Saving this doesn't have to be heavier-weight than just writing one value in an underlying thread-local cell if the parameterization is implemented as a fast table (Racket has an especially clever implementation of it in its CS version).  So semantically correct promises can be as light-weight as they currently already are.
 
My upcoming SRFI on control operators will say a word on this.

 
Currently the delay form is broken for things like

    (define p (delay (display "foo")))

because the port on which foo is output is not clear… it depends on where the first call of (force p) is done, and this could depend on various factors not locally apparent.

That's true.  But there are other problems: for example, closing over the current-output-port parameter does not help if the underlying port itself has been closed in the main program.
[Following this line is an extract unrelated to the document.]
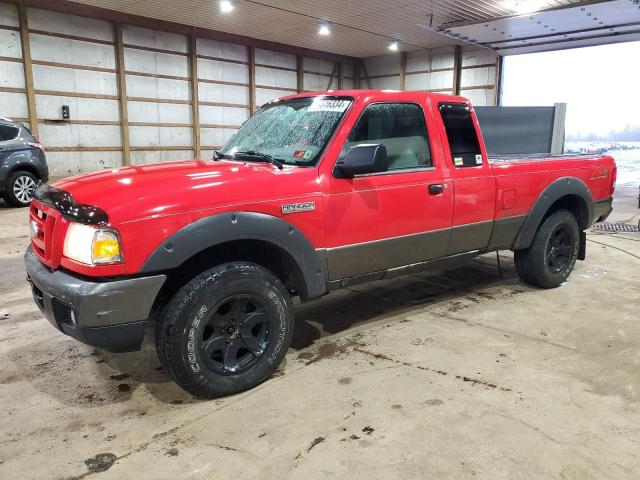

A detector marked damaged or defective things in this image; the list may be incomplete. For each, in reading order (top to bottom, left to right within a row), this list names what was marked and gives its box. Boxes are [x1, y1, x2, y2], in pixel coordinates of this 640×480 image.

cracked windshield [219, 95, 350, 167] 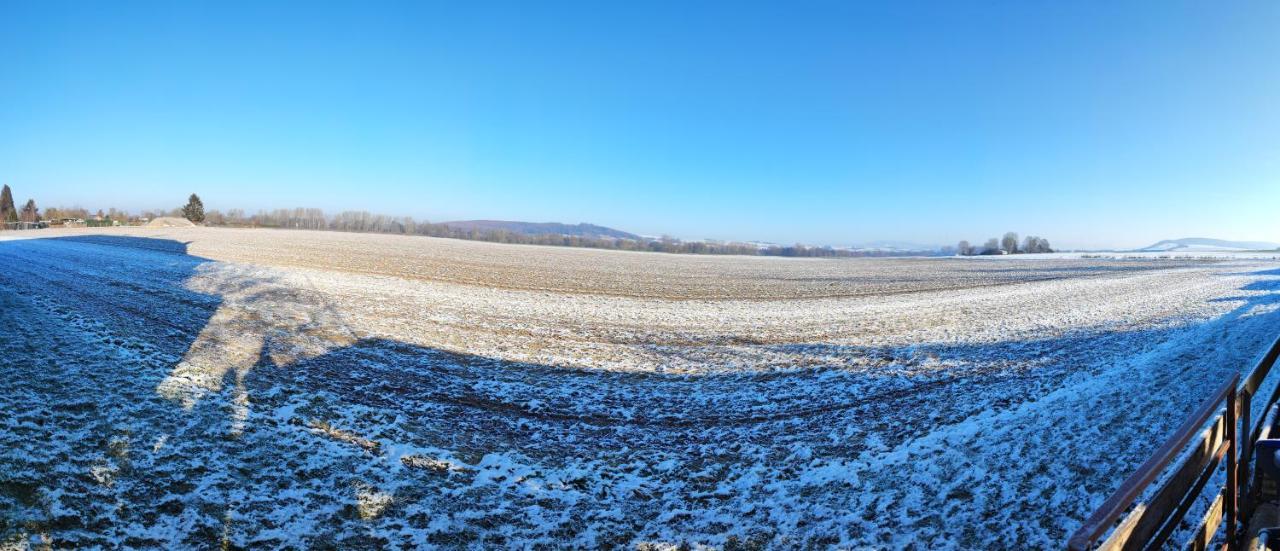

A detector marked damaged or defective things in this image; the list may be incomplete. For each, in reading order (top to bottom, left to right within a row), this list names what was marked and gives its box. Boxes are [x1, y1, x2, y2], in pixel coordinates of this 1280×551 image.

rusty metal fence [1072, 336, 1280, 551] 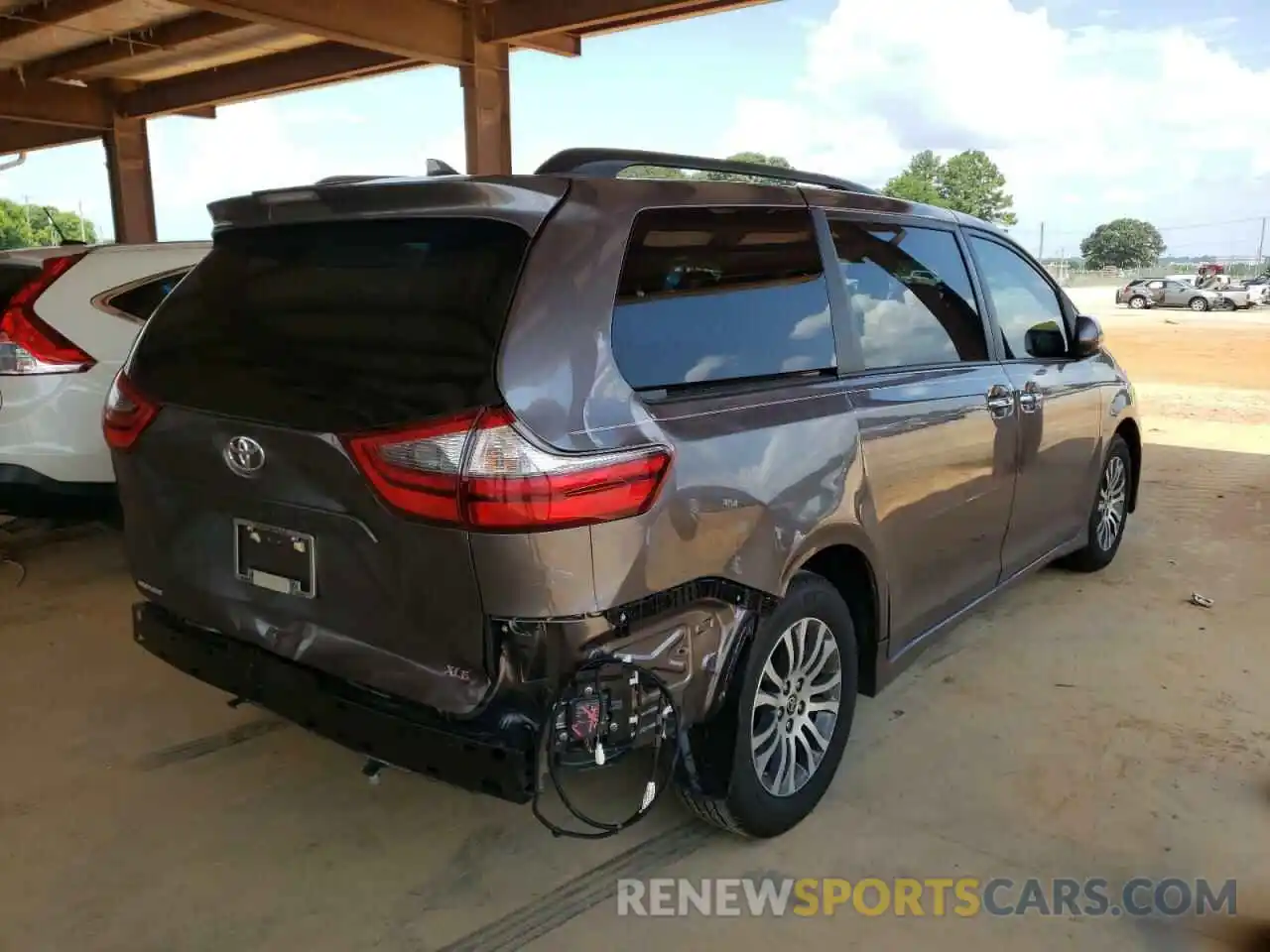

These two problems are (fundamentally) different:

Closing a port is a destructive, non-pure operation.  It has always been clear that lazy evaluation does not work well with non-pure code (forcing Haskell to be a pure language). 

Dynamically binding a parameter, on the other hand, should be considered a pure operation, which, in effect, "just" saves typing in passing arguments around explicitly.  With the broken promise semantics of R7RS, however, binding a parameter becomes an impure operation, which is wrong. And parameters would no longer be equivalent to implicitly passed arguments.

PS SRFI 155 suggests resolving any incompatibility with previous standards by deprecating (scheme lazy) and offering the "corrected" version in (scheme promise).